Jérôme Le Borgne, né le 21 novembre 1896 à l'Elbrun en Hénon,fut mobilisé en 1915 à l'âge de 19 ans, victime des gaz toxiques, il fut démobilisé en 1919 avec le grade de lieutenant. Comme beaucoup de jeunes hommes de l'époque, il parti chercher du travail hors de Bretagne et atterrit en Picardie, puis dans la Somme où il se maria à Moislains (80). Instituteur, puis directeur de l'école communale, il fut à nouveau mobilisé en septembre 1938, remobilisé en septembre 1939 et fait prisonnier le 22 juin 1940 puis libéré comme ancien combattant en août 1941. Engagé dans les FFCI en mars 1942, il est arrêté le 1er juin 1944 pour faits de résistance, entre autres pour avoir caché des aviateurs américains? Interrogé et incarcéré, il est transféré à Compiègne le 15 juillet 1944. Il est intégré à un convoi de 1 528 hommes entassés dans des wagons à bestiaux (100 par wagon) direction le camp de concentration de Neuengamme en Allemagne. L'accueil fut terrible. Arrivés de nuit, les prisonniers sont éblouis par les projecteurs, et sont sous les coups des SS qui hurlent des ordres incompréhensibles en allemand. Le lendemain, ils étaient immatriculés? Jérôme Le Borgne reçu le matricule 37 312. Il fut envoyé par la suite à Osterot (un camp annexe exploitant plus de 800 déportés au profit des entreprise Krupp).

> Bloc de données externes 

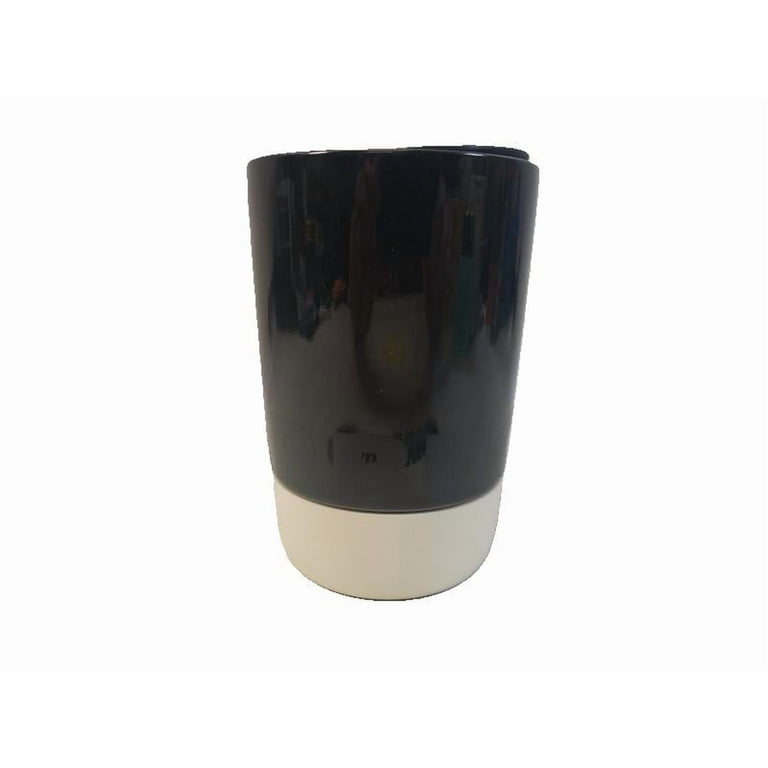 Starbucks Black with White Rubber Bottom Ceramic Coffee Mug with Lid 14 oz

Devant l'avancée des troupes alliées, les SS décidèrent l'évacuation d'une partie des déportés de ce camp (le 6 avril 1945) vers Landbostel, camp mouroir dépendant de Neuengamme. Après le départ des SS, et malgré l'aide apportée par les PG(Prisonniers de Guerre), 2 700 cadavres non identifiés furent dénombrés le 29 avril 1945 à l'arrivée des soldats britanniques. Jean Morin de Saint-Carreuc, centenaire décédé l'an dernier, comme prisonnier de guerre a porté de la nourriture à Jérôme Le Borgne après le départ des SS, mais épuisé et malade il décéda avant son rapatriement le 9 mai 1945 à l'âge de 49 ans. Tous les décédés après la libération du camp ont eu leur corps rendu à leur famille. Jérôme Le Borgne est enterré à Moislains ou une rue porte son nom. Il a eu deux enfants : Suzanne, ancienne professeur d'anglais, et Yves, ingénieur chimiste décédé en 2009.